The sudden dip of gulls along the rocky shore.
Boats with names dock in Halifax Harbor.
The Bay of Fundy’s lonely sweep.
The whole story is not whole.
Antidepressants ruined art.
What greatness is culled from the easy pill?
Adele Hugo collapses on the sands of Barbados—when love becomes madness:
as unclear as sky versus water on the horizon.
The more sex I have, the more I get even.
Perhaps the gulls will refuse to be painted.
You may be all I know of God.
I feel stuck in that time in which most accidents occur.
Put me to bed like a child who’s been disappointed.

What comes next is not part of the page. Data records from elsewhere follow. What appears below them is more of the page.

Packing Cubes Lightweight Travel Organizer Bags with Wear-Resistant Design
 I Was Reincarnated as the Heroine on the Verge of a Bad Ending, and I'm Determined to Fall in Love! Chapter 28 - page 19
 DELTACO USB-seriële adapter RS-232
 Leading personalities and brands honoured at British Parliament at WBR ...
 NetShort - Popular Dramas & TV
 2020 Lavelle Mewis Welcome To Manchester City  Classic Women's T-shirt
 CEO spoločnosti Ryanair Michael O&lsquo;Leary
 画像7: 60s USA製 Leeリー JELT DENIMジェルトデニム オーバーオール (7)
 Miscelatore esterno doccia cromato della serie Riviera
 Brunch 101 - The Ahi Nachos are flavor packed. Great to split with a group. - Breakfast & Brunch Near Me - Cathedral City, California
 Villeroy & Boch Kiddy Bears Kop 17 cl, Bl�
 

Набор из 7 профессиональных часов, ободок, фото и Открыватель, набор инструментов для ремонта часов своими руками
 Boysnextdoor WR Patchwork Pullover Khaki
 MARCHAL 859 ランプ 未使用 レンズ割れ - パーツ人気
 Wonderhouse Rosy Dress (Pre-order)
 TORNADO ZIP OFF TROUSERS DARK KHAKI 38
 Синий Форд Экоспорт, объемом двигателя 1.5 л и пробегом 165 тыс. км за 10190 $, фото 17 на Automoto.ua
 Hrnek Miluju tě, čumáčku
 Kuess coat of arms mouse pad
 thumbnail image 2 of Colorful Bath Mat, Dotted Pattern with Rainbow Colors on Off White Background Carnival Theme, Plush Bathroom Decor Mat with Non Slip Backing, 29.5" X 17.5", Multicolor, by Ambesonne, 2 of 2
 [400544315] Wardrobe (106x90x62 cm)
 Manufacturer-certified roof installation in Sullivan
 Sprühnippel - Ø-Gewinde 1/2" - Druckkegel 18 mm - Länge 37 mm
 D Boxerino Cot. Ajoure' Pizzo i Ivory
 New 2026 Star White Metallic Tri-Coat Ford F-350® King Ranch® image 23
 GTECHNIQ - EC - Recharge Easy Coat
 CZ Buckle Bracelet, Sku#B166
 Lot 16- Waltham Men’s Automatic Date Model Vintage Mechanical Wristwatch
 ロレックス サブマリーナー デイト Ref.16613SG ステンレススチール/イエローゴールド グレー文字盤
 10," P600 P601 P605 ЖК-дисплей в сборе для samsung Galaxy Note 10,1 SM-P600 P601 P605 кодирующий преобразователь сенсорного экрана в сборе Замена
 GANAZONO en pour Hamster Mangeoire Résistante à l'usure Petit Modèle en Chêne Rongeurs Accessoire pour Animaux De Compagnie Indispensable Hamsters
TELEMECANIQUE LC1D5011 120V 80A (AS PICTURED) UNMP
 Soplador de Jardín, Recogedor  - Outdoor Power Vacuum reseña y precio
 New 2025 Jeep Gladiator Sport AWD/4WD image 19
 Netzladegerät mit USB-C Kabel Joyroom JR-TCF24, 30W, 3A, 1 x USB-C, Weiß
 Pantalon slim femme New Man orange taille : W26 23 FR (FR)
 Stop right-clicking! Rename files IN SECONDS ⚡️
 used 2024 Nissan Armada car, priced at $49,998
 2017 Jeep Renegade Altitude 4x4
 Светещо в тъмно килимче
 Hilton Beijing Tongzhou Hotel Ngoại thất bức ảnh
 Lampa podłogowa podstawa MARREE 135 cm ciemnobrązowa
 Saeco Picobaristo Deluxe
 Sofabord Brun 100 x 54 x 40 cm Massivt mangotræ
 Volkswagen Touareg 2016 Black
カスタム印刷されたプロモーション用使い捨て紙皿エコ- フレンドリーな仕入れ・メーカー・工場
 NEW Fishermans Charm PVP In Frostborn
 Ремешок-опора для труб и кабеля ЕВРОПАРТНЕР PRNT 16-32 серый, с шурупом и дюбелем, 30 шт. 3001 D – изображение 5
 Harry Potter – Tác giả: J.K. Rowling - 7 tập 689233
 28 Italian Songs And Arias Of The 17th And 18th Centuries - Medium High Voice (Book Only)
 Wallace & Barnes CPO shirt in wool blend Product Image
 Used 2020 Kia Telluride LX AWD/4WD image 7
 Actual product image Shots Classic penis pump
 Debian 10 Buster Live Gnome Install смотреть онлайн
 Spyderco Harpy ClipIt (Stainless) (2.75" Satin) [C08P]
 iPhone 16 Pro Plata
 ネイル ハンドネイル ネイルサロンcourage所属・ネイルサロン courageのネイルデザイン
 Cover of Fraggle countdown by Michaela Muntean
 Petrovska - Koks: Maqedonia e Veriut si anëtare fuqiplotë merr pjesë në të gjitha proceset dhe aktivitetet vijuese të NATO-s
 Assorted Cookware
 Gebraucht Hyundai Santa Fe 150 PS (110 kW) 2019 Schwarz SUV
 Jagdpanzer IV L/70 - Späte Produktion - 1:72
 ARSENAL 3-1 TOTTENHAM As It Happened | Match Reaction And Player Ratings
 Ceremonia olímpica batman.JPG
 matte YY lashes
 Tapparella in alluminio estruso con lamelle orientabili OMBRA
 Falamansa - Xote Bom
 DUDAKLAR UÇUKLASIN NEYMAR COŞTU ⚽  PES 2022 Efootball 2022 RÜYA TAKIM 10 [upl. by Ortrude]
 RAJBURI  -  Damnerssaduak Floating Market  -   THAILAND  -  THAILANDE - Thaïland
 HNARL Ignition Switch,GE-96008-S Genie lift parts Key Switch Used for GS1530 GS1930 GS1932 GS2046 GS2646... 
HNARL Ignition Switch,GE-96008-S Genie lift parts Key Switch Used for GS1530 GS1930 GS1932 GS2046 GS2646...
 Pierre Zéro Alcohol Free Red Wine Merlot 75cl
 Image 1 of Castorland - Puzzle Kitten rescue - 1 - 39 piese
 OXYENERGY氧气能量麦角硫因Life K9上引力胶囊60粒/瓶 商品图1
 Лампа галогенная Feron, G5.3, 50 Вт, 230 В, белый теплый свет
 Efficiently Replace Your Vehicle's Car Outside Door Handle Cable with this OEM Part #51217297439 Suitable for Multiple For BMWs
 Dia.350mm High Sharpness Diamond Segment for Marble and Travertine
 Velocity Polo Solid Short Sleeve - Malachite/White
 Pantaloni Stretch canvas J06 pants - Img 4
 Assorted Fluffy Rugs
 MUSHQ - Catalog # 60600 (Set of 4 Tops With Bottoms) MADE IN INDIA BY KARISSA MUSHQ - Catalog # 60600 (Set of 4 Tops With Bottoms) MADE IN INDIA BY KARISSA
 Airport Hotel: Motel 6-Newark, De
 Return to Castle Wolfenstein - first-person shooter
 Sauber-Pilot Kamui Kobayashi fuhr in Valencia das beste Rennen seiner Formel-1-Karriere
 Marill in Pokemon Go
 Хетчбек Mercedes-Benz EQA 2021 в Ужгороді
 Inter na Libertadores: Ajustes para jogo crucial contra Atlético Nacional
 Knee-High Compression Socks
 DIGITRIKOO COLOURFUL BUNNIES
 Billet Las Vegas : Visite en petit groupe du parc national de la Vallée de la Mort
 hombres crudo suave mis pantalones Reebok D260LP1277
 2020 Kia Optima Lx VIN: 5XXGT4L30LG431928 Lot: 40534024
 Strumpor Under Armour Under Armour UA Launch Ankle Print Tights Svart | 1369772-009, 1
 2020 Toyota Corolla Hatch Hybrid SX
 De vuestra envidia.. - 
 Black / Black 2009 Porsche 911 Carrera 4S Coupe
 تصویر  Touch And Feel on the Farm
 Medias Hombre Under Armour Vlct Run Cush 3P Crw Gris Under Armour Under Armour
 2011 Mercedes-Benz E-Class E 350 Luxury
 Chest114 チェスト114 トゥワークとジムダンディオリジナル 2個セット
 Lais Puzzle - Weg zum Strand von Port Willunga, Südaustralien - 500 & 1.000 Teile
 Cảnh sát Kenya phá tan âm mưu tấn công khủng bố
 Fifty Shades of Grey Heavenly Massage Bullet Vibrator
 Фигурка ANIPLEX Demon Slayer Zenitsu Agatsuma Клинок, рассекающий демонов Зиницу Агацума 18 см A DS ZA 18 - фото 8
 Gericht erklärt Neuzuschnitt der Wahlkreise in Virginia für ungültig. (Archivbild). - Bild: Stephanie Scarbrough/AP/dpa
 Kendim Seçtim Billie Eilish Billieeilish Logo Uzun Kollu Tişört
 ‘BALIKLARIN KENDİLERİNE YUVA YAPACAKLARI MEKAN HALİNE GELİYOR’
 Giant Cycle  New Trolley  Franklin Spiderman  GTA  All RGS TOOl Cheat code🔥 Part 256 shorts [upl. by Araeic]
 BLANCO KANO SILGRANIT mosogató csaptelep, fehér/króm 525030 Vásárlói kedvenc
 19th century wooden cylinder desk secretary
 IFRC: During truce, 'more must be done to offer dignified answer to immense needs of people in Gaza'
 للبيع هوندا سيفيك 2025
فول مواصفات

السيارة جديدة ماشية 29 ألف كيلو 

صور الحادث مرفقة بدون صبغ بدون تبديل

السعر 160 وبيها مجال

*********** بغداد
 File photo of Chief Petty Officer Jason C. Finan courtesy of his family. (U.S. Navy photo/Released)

They’ve linked hair chemistry to violence but have no idea, yet,
how two people love, or fail to.
This is what we can give one another: the silent pain of ancient sculptures
without hands.
Right now, make small talk. Please.
~
Women in Movies
Don’t know themselves. The man making the movie has seen too many movies with such women: the femme fatale, the fallen woman, the prostitute, the loud-mouth, bossy shrew (Who’s Afraid of Virginia Woolf?), the woman’s libber, the artist going her own way, the users of men who sleep with their professors, their casting director, their Olympic trainer, anyone in authority. And there’s always the part in the plot where the woman we’ve been trusting turns on someone, usually a man who’s in love with her. You can count on her having her own secret agenda. In French films women are more unique and unpredictable. They sometimes completely lose their sense of self over a passionate obsession which isn’t really love but they are past the point of recognizing this. They surprise with irrational sometimes violent actions and reactions saying words that don’t match how their lips move. This is why they get so many close-ups like Jean Seberg in her new-wave self. Why Huppert initiates rough sex in a bathroom, and Deneuve stands stately on a funeral boat in Indochina. Here in America, Lana Turner’s confident hand signs her confession with a bold X and Blanchett purrs like a feline under her red wool coat ready to pounce.
~
last rites
a wizened hand picks cherries
as fish on the pier thrash in a net
a year has passed since the big dread
your lips with the poisonous news
about to be spread like the pall on a coffin
the flutes of elderberry wine
your mother insisted on
the door to the basement locked
against intruders looking to spy
during this memorial
looking for rooms to wander
to report back to ghoulish friends
the taps on the window from a tree branch
I wonder how the water felt in the funeral director’s
palms as he bathed you for the last time
how it feels to be lifeless and clean
to be beyond wondering why did we come here
no worry about wreckage left behind
the sound of bird cries echoing
O Lord of bastards, love us all
~
Marc Frazier is a Chicago area writer who has widely published poetry in journals including The Spoon River Poetry Review, ACM, Good Men Project, f®iction, The Gay and Lesbian Review, Slant, Permafrost, Plainsongs, and Poet Lore. He has had memoir published in Gravel, The Good Men Project, decomP, Autre, Cobalt Magazine, et al. His fiction has appeared in Flash Fiction Magazine, Autre, and Unlikely Stories. He is the recipient of an Illinois Arts Council Award for poetry, has been featured on Verse Daily, and is a Pushcart Prize and Best of the Net nominee. His three full-length poetry collections are available online. See Marc Frazier Author on Facebook, @marcfrazier45 on Twitter.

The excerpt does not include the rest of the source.